Diese Klarstellung zugunsten eines Unfallverursachers traf das Kammergericht (KG) in Berlin. Die Richter erläuterten in ihrer Entscheidung den Begriff der Körperverletzung. Danach setze eine körperliche Misshandlung nach der Rechtsprechung ein übles, unangemessenes Behandeln voraus, das das körperliche Wohlbefinden oder die körperliche Unversehrtheit nicht nur unerheblich beeinträchtigt. Ob dies der Fall sei, müsse sich bei einer Verurteilung aus den Urteilsgründen ergeben. Darauf sei insbesondere bei Körperverletzungen im Straßenverkehr zu achten. Häufig würden hier nur (leichte) Prellungen ohne weitere Folgen und ohne Behandlungsbedarf vorliegen. Das reiche für eine körperliche Misshandlung nicht aus. Solle die Annahme einer (fahrlässigen) Körperverletzung mit einer Beeinträchtigung des körperlichen Wohlbefindens des Geschädigten begründet werden, müsste den Urteilsgründen entnommen werden, dass dem Geschädigten ein länger andauernder oder ein kurzfristig intensiver Schmerz zugefügt wurde. Hat er nur einen „leichten Schmerz“ verspürt, genüge dies nicht (KG, (3) 121 Ss 240/13 (179/13)).


Fahrlässige Tötung:

Sorgfaltspflichten beim Rechtsabbiegen

Ein Lkw-Fahrer muss beim Abbiegen im Kreuzungsbereich mit Fußgänger- und Radfahrerfurten Schrittgeschwindigkeit fahren.
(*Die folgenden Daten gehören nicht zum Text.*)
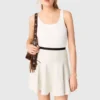 Vestido de tweed 2 en 1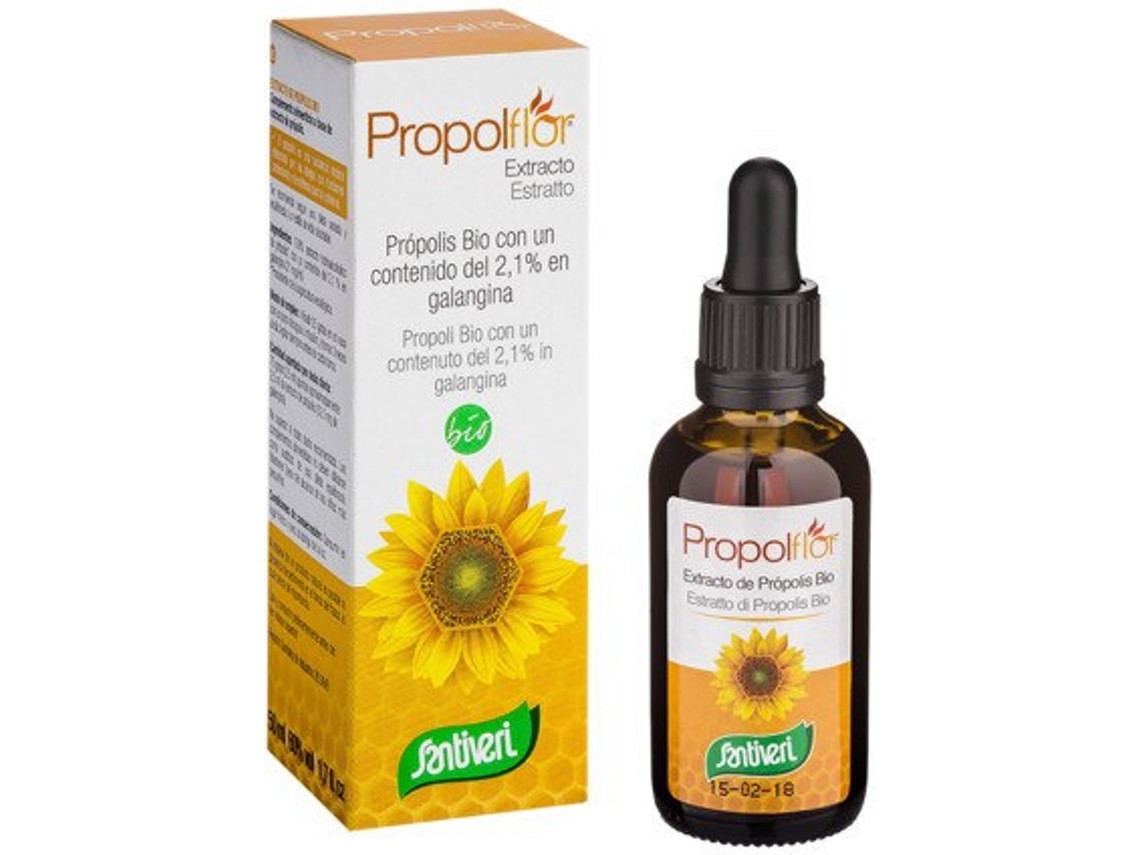 Complemento Alimentar SANTIVERI Propolflor Extracto Bio
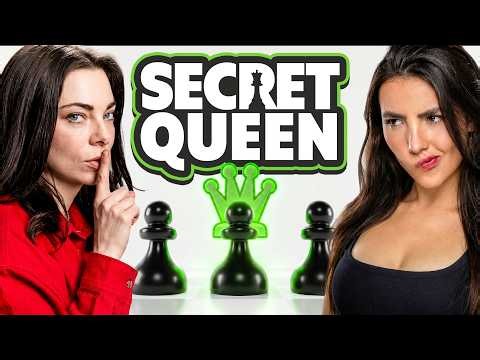 Secret Queen With Andrea Botez And Dina Belenkaya!
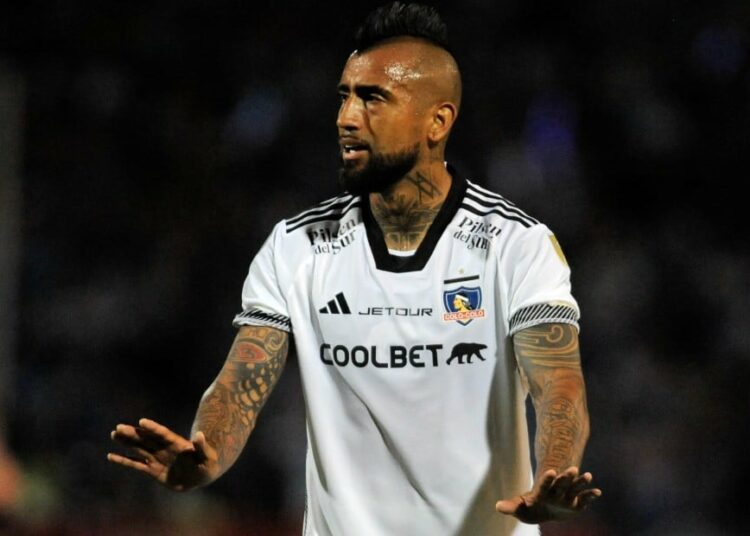 Cuidan al 'King': Colo Colo busca que Vidal llegue al 100% al clásico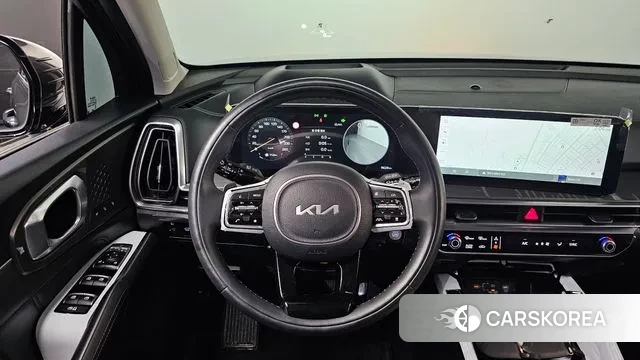 Kia The New Sorento 4th Generation 2023 Серый из Кореи, фото 5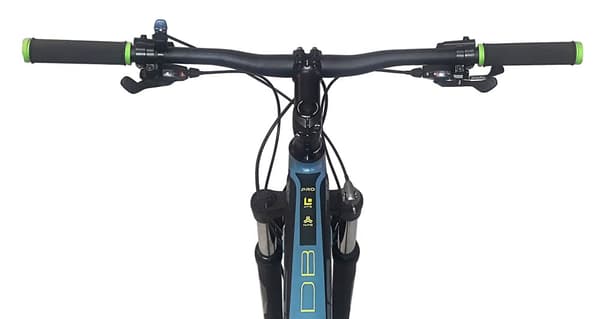Vikingköer 2x9 blågröna 19" Vikingköer 2x9 svartblå 21"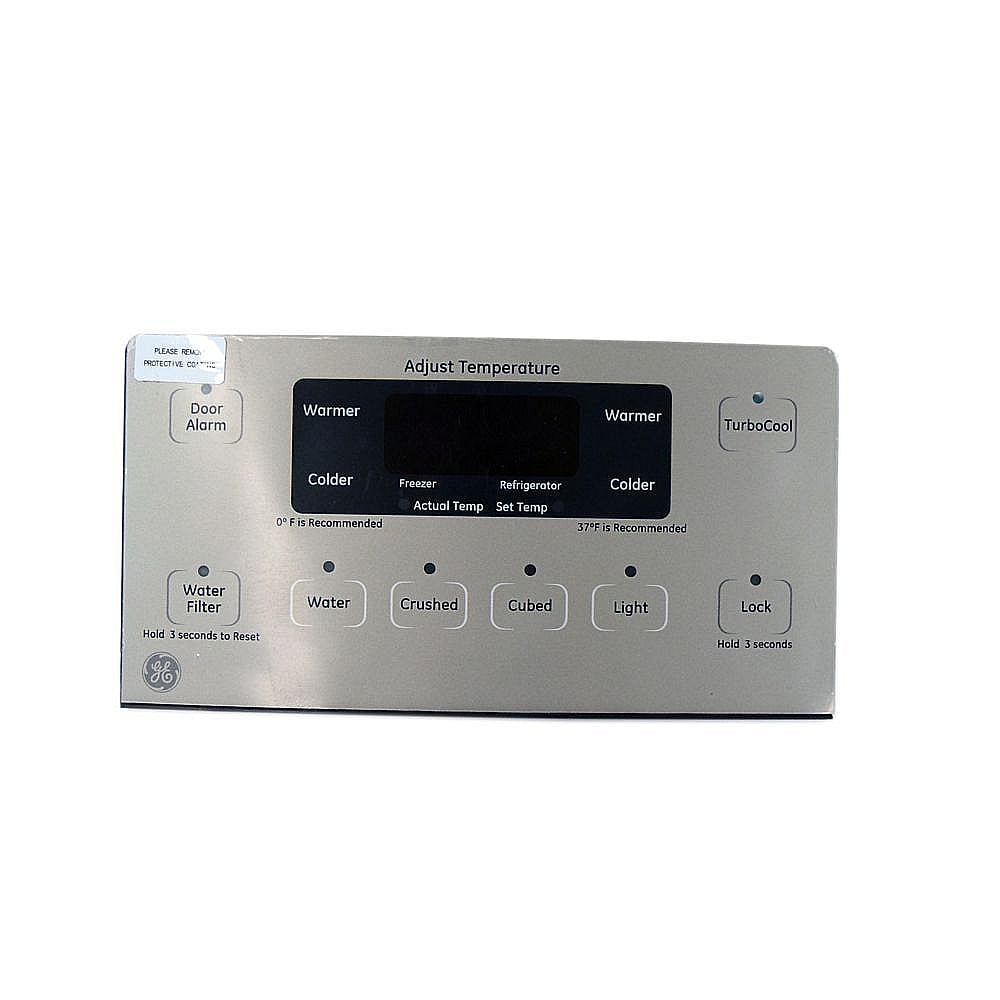 Photo of Refrigerator Dispenser User Interface Control (Stainless) from Repair Parts Direct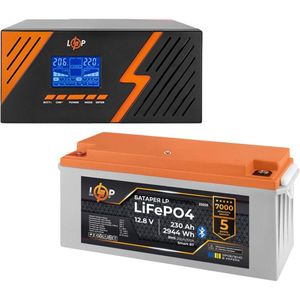 Источник бесперебойного питания ИБП LogicPower B1500 + АКБ LiFePO4 2944Wh (40154) [149752] (1520902)
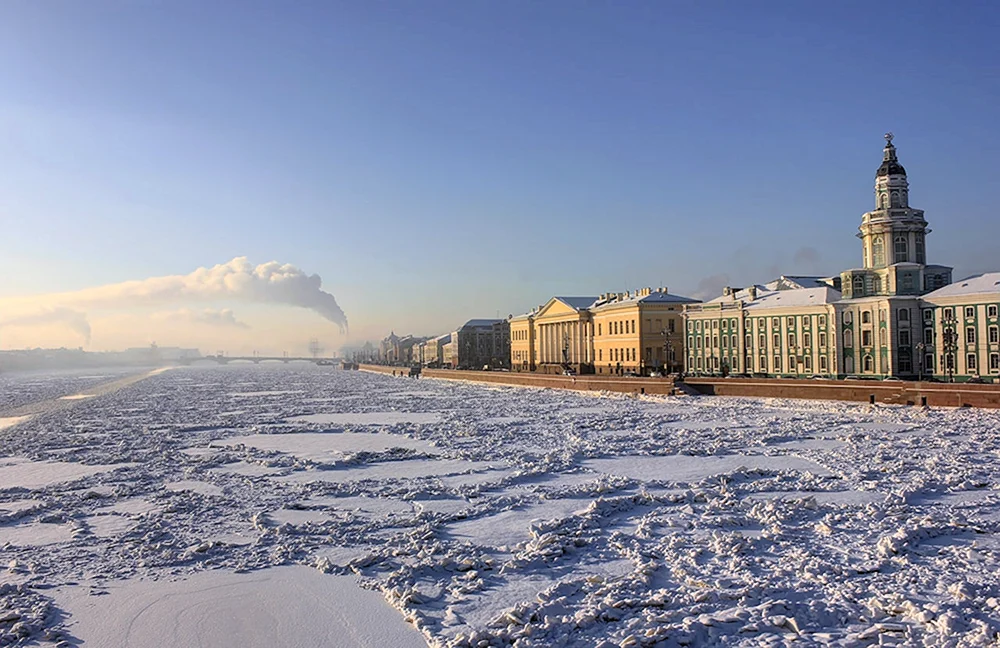 St. Petersburg Winter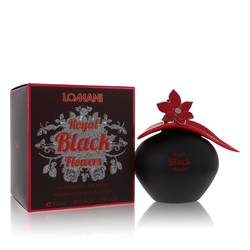Lomani Royal Black Flowers Edp For Women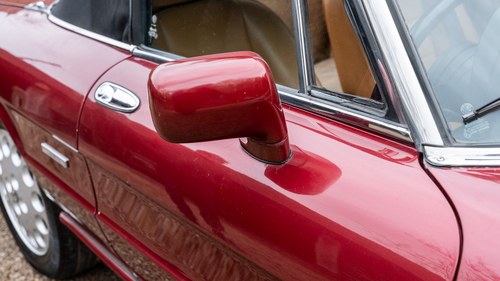 1992 Alfa Romeo Spider Series 4 2.0L En venta (imagen 97 de 187)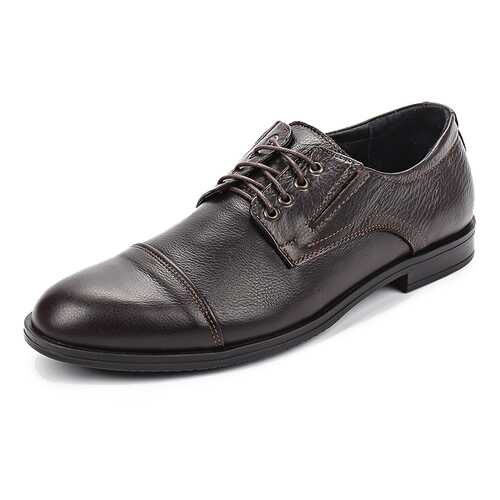 Туфли мужские Alessio Nesca 25807680 коричневые 44 RU в Timberland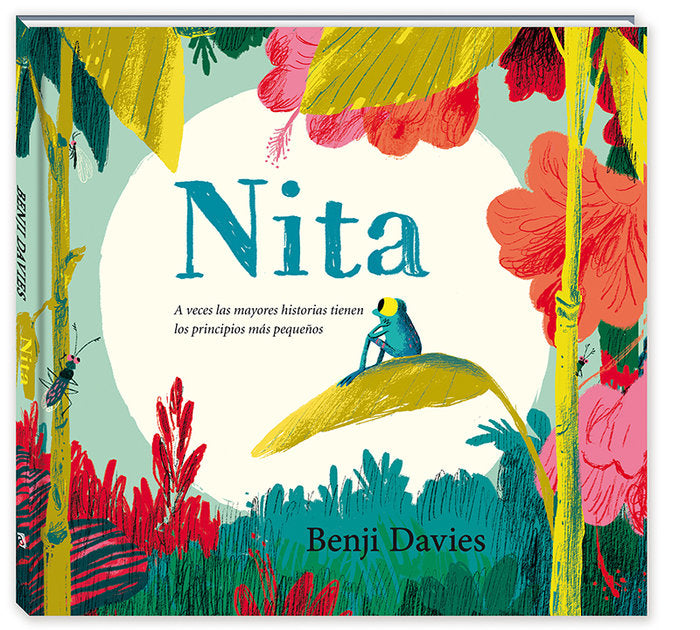 Nita, de Davies, Benji | portada del libro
Hierauf wies das Oberlandesgericht (OLG) Hamm hin, das in einem entsprechenden Fall zu entscheiden hatte. Beschleunige der Lkw-Fahrer während eines Rechtsabbiegevorgangs auf eine Geschwindigkeit von zumindest 16 km/h, sodass der Bereich gebotener Schrittgeschwindigkeit deutlich überschritten sei, handele er danach sorgfaltspflichtwidrig. Komme es zu einer Kollision mit einem Radfahrer, der an den Folgen des Unfalls später verstirbt, könne dem Lkw-Fahrer nach dieser Entscheidung der Vorwurf fahrlässiger Tötung gemacht werden. Dies gelte zumindest, wenn er bei angemessener Geschwindigkeit den Geschädigten so frühzeitig hätte erkennen können, dass er noch rechtzeitig vor dem Erreichen der Fußgänger- und Radfahrerfurt einen Bremsvorgang hätte einleiten können und auf diese Weise die Kollision und damit die Tötung des Geschädigten hätte verhindern können (OLG Hamm, 3 Ws 134/13).